_Data for review:_
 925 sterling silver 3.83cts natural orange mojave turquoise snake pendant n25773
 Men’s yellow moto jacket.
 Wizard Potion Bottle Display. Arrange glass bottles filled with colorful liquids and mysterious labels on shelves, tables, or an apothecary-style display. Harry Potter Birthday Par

---

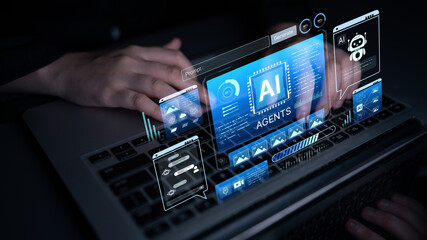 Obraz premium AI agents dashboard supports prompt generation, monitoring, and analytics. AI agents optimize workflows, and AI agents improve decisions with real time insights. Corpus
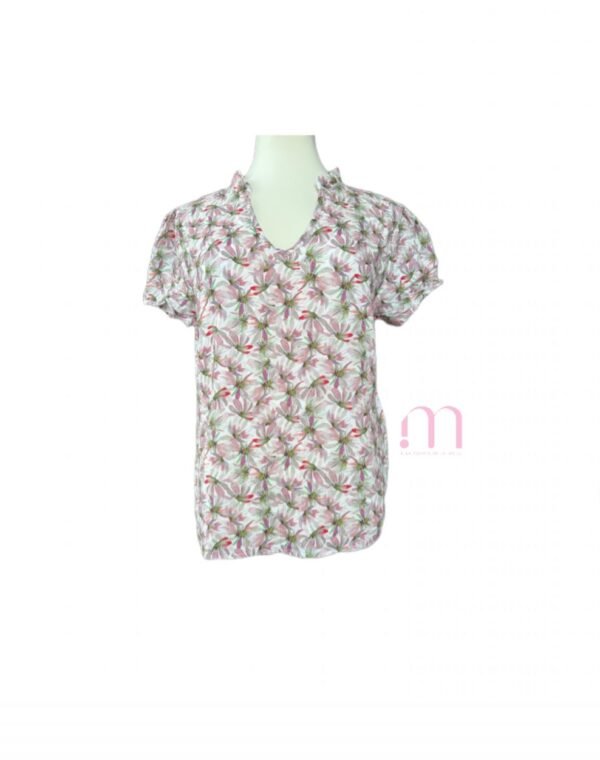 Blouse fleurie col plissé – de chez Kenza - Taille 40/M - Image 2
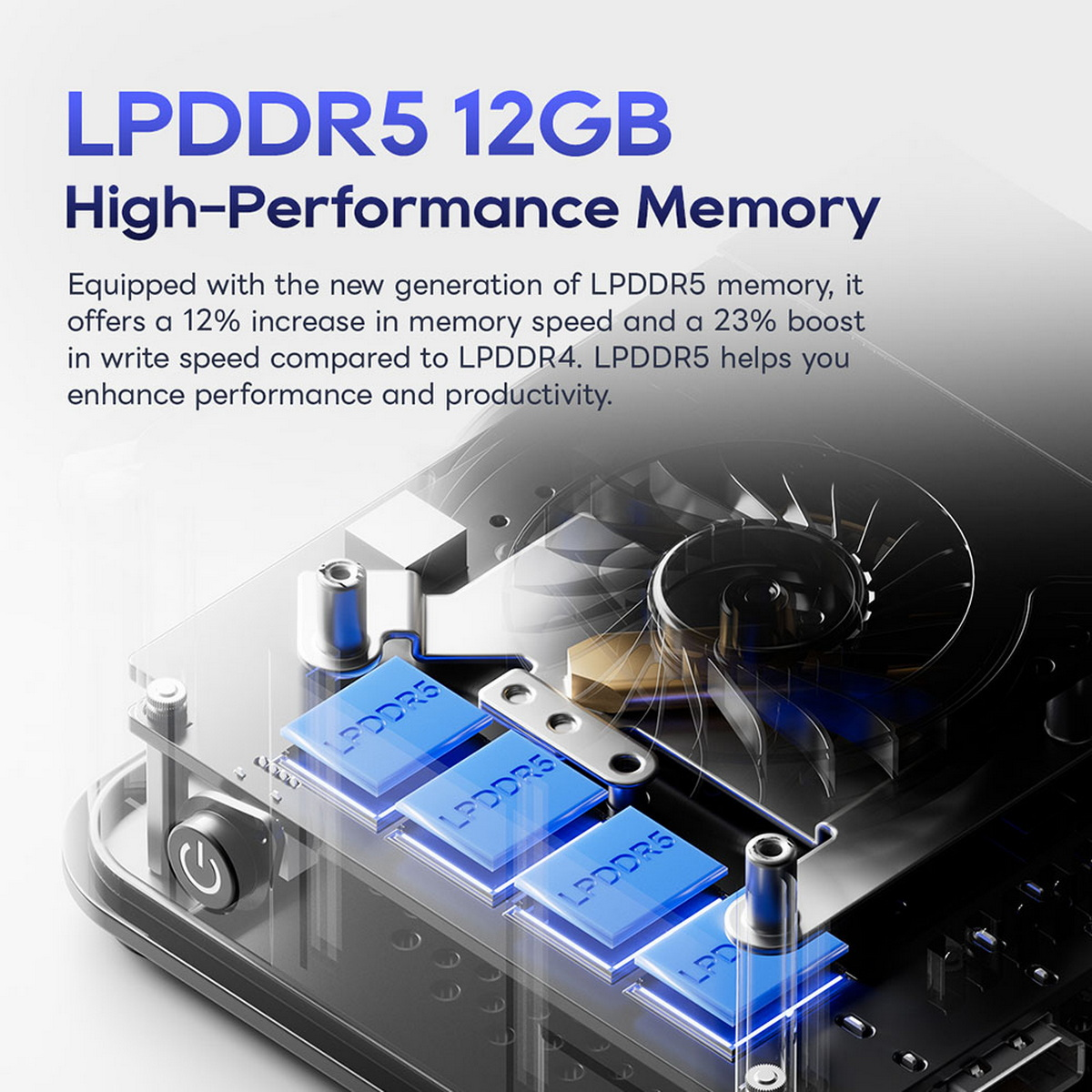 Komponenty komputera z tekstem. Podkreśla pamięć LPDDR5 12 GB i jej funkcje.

_How to complete this task:_ Write out word for word the lines of the listing above from the line with "Obraz premium AI" to the line with "Komponenty komputera z", taking in both of those lines but no pictures.

_Answer space:_
 Obraz premium AI agents dashboard supports prompt generation, monitoring, and analytics. AI agents optimize workflows, and AI agents improve decisions with real time insights. Corpus
 Blouse fleurie col plissé – de chez Kenza - Taille 40/M - Image 2
 Komponenty komputera z tekstem. Podkreśla pamięć LPDDR5 12 GB i jej funkcje.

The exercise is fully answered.